Emilia Pérez, 10 curiosità che raccontano l’audacia dell’acclamato film fuori dagli schemi diretto da Jacques Audard.
Emilia Pérez, l’ultima opera del regista francese Jacques Audiard, rappresenta una vera e propria sfida alle convenzioni del cinema contemporaneo, fondendo generi e tematiche in un mosaico narrativo audace e innovativo. Il film ha riscosso un enorme successo sia alla critica che al pubblico, trionfando all’ultima edizione del Festival di Cannes con il Premio della Giuria e il Premio per la Migliore Interpretazione Femminile, assegnato collettivamente all’intero cast principale, un segno della forza collettiva e dell’energia che il film emana. Non meno importante è stato il suo trionfo agli European Film Awards, dove ha conquistato ben cinque premi, tra cui Miglior Film, Miglior Regia, Migliore Attrice Protagonista, Miglior Montaggio e Migliore Sceneggiatura, e la vittoria agli Oscar 2024 come miglior attrice non protagonista di Zoee Saldana.
Audiard, noto per il suo approccio coraggioso e per la sua capacità di spaziare tra generi, si spinge ancora più in là con Emilia Pérez. Il film, pur essendo un musical, è anche un crime drama, un ritratto psicologico e una riflessione profonda sull’identità di genere, affrontando con grande delicatezza e sincerità temi sociali di grande rilevanza.
La storia segue Rita, un’avvocatessa brillante ma disillusa, che si trova coinvolta in un caso che la costringerà a confrontarsi con se stessa e con i propri limiti e la richiesta di aiutare un boss del narcotraffico, noto come Manitas, a fuggire dal crimine rivelerà una svolta imprevista. Manitas, infatti, non cerca solo di sfuggire alla sua vita passata, ma vuole trasformarsi nella donna che ha sempre sentito di essere, e questo incontro porterà Rita a intraprendere un viaggio di metamorfosi, sia fisica che interiore, che travolgerà le sue certezze e la condurrà a una riflessione profonda sulla propria vita e sul suo ruolo nella società.

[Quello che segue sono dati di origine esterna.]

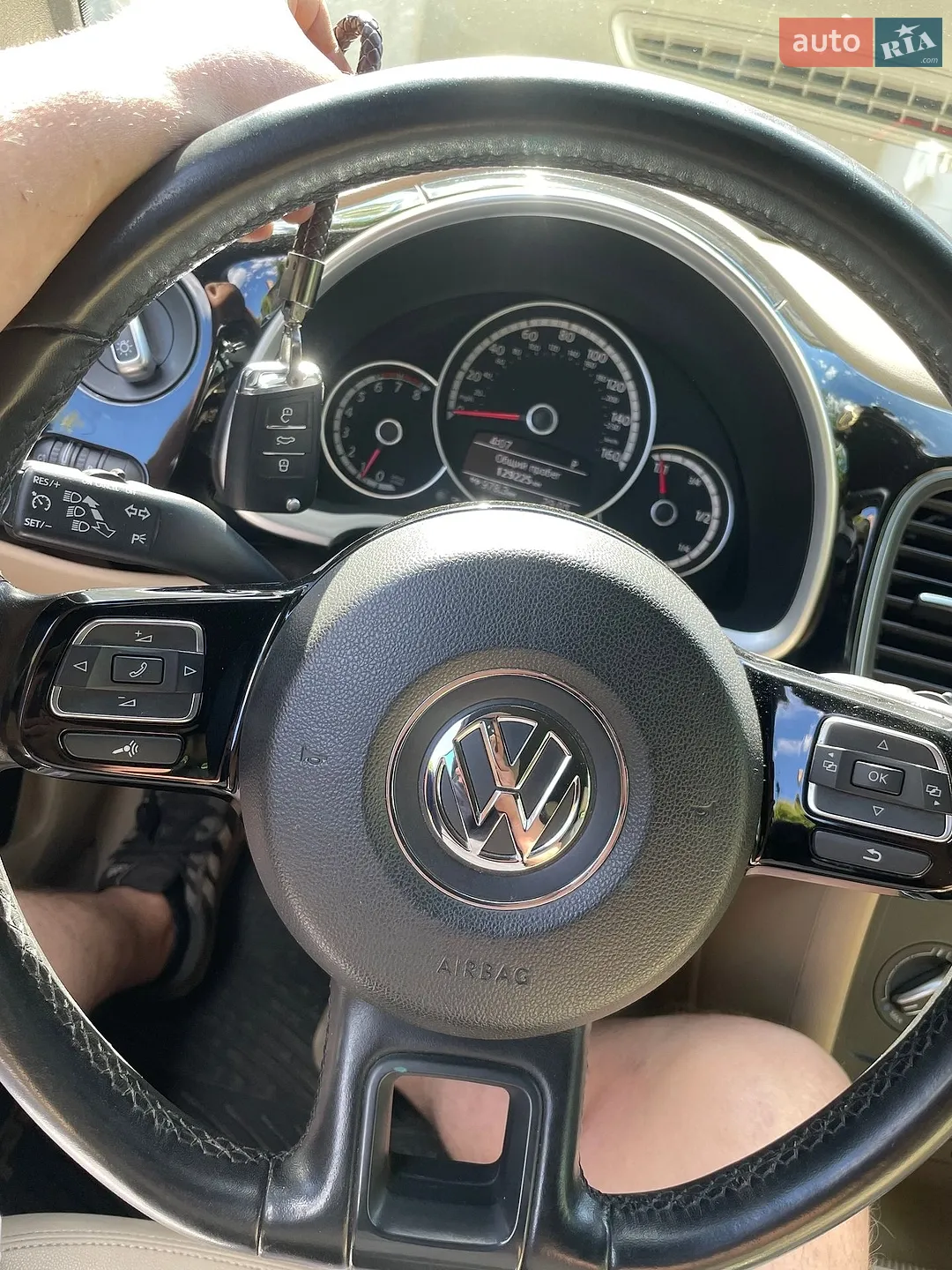 2013 Volkswagen Beetle - мініатюра 6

La sceneggiatura, potente e coinvolgente, è arricchita dalle musiche originali di Camille e Clément Ducol, che danno un’ulteriore profondità emotiva alle scene, e da una regia che non teme di osare, alternando momenti di grande intensità emotiva a sequenze di una sorprendente leggerezza, ma sempre con un senso di coerenza che non perde mai la sua bussola politica e sociale.

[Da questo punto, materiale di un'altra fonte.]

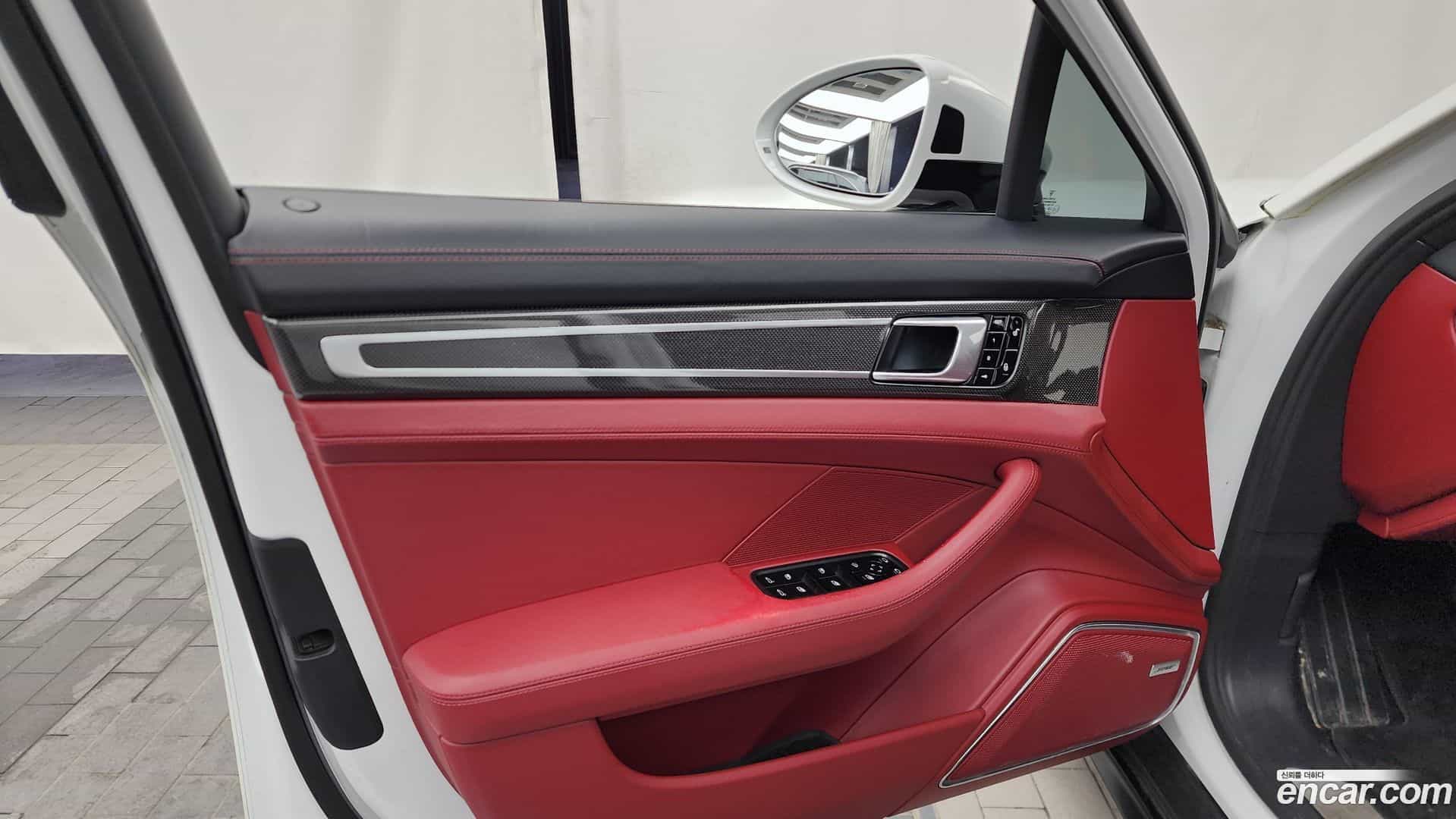 Panamera Porsche 2018.9-INNER-034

Emilia Pérez non solo offre un’esperienza visiva e narrativa unica, ma invita anche il pubblico a riflettere su temi universali come l’identità, la libertà e il coraggio di affrontare le proprie paure. Emilia Pérez non è semplicemente un film da vedere, ma un’opera da vivere, da sentire, un atto di coraggio narrativo che non ha paura di infrangere le regole e di proporre una visione del mondo che può sembrare scomoda, ma assolutamente necessaria.
Qui la RECENSIONE: Emilia Perez è una piccola rivoluzione cinematografica, la recensione
Qui la SCENEGGIATURA: Emilia Pérez: la sceneggiatura dell’audace melodramma musicale di Jacques Audiard
Di seguito dieci curiosità che raccontano l’ambizione e l’unicità di un progetto fuori dal comune.
1.Musical + crime drama: un connubio rivoluzionario
Il musical, storicamente associato alla leggerezza e all’evasione, trova qui una nuova funzione: quella di penetrare la cruda realtà del crimine organizzato e della transizione personale. Le sequenze musicali non sono solo stilizzate, ma coreografate con intenzione narrativa: ogni passo di danza, ogni cambio ritmico, accompagna uno sviluppo psicologico. In questo senso, Emilia Pérez si avvicina al concetto di “musical politico”, come Les Misérables o Cabaret, ma con un’estetica contemporanea e interculturale, in cui reggaeton e bolero convivono con l’orchestrazione sinfonica.
2.Ispirazione reale: la storia nascosta del narco e della transizione
Audiard ha dichiarato di aver attinto da articoli, testimonianze e inchieste mai completamente esplorate dai media mainstream. Tra i riferimenti ci sono figure oscure della cronaca latinoamericana, come presunti esponenti di cartelli colombiani e messicani che, dopo l’arresto o il ritiro dalla vita criminale, hanno iniziato una transizione, spesso in clandestinità o sotto falsa identità. Il film porta in superficie questa realtà rimossa, proponendo una riflessione sulle identità represse e sul potere come maschera. La figura di Emilia non è quindi un simbolo astratto, ma una sintesi umanizzata di vite vere.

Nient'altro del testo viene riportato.